Erschreckend: 85 Prozent aller befragten gaben an, wenig bis gar nicht an Politik interessiert zu sein. 750 Jugendliche im Alter von 12 bis 19 Jahren wurden befragt.

Nur ein verschwindend geringer Teil der österreichischen Jugendlichen ist politikinteressiert. 85 Prozent gaben an, wenig bis gar nicht an Politik interessiert zu sein. Das geht aus einer österreichweiten Fessel-Umfrage im Auftrag des Zweiten Nationalratspräsidenten Michael Spindelegger (V) hervor. 1996 hatten noch 28 Prozent angegeben, an politischen Vorgängen eher stark bis stark interessiert zu sein.
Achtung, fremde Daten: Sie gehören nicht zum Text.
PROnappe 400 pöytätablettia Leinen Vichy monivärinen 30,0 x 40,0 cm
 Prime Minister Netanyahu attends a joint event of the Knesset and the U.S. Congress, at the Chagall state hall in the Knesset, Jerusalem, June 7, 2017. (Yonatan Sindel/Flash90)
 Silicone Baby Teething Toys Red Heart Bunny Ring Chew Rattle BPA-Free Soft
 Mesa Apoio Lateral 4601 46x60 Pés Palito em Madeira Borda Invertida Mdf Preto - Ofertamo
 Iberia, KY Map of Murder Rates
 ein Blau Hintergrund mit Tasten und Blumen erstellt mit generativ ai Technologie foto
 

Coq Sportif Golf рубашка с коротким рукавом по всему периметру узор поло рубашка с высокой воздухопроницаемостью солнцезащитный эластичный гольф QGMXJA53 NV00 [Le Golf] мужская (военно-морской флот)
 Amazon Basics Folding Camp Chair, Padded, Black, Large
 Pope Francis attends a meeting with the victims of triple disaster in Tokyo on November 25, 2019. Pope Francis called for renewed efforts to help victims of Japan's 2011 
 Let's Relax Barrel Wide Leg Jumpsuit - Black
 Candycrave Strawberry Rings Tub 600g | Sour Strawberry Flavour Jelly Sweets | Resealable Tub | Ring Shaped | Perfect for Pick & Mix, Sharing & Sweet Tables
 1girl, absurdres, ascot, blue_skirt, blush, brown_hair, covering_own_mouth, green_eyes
Zudem stellte die Studie eine Zunahme des politischen „Entfremdungsgefühls“ zwischen Jugendlichen und politischen Vertretern fest.

Nur mehr 14 Prozent der Jugendlichen zwischen zwölf und 19 Jahren gaben an, eher stark bis sehr stark an Politik interessiert zu sein. Das ist ein signifikanter Rückgang gegenüber den Vergleichszahlen aus den Jahren 1980 bis 2000. Der Ersteller der Studie, Meinungsforscher Peter Ulram, wies bei einer Pressekonferenz am Mittwoch in Wien darauf hin, dass es in den 80er und 90er Jahren zu einem starken Anstieg des politischen Interesses gekommen war, das nun abflaue. Die Jugendlichen würden heute nur mehr wenig konkrete Verbindungen zwischen ihrer Lebenswelt und der Politik sehen.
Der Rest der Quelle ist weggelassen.